3) The authors need to change their spinup procedure or drop the trend analysis. Repeating the full time period for spinup introduces a dynamic response that produces false trends aliased on top of real trends. This pretty much invalidates the trend analysis.
I have the following specific comments:
P2L17-20: Reword. This is a runon sentence with two, double nested parenthetical clauses, making it very difficult to understand.
P2L25: State how models are useful. This paragraph emphasizes resolution as a weakness of models.
P3L2-3: This is not difficult. One must account for representation error when comparing a point measurement to the area average of a model pixel.
P3L7: The resolution of these simulations is essentially the same as for many published simulations, so I am not sure this is the best claim to make.

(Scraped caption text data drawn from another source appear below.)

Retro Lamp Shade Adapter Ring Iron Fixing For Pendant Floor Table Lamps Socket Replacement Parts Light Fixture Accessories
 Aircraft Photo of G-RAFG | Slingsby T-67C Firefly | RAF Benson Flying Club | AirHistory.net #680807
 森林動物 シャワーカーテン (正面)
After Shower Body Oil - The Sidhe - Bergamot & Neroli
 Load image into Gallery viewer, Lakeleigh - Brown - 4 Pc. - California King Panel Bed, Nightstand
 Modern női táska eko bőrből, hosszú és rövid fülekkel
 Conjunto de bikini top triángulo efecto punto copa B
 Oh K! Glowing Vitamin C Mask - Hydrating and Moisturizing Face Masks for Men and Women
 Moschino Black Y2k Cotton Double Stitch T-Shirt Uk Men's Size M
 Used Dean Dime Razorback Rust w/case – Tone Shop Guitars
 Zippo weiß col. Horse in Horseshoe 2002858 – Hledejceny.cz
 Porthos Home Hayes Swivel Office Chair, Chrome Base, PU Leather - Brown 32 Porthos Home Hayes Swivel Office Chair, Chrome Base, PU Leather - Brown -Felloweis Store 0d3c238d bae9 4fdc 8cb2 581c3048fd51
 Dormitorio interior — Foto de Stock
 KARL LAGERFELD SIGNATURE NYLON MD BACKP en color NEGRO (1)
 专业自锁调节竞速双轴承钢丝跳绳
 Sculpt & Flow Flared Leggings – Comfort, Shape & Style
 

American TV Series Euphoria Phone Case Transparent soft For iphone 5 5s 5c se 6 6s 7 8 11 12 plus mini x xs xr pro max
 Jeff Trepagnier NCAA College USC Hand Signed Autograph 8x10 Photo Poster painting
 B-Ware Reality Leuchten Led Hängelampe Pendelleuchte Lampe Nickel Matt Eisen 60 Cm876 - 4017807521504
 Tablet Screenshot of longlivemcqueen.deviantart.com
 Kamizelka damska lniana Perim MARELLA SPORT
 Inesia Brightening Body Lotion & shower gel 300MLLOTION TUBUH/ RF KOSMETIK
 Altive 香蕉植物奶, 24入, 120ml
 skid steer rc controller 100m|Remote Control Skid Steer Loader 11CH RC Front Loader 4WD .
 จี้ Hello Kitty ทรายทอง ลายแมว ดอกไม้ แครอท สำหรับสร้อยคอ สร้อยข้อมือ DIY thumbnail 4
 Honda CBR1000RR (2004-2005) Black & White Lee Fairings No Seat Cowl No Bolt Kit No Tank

P45L3: State or described the improved performance.
P4L8: State or describe exactly what is inferior.
P4L10-12: Delete. Each reanalysis has strengths and weaknesses and I find it very difficult to believe that one version of MERRA is truly superior to another, especially considering the scarcity of measurements in the Arctic. I have no objection to using MERRA-2, of course, but claiming superiority is not warranted and best deleted from the manuscript.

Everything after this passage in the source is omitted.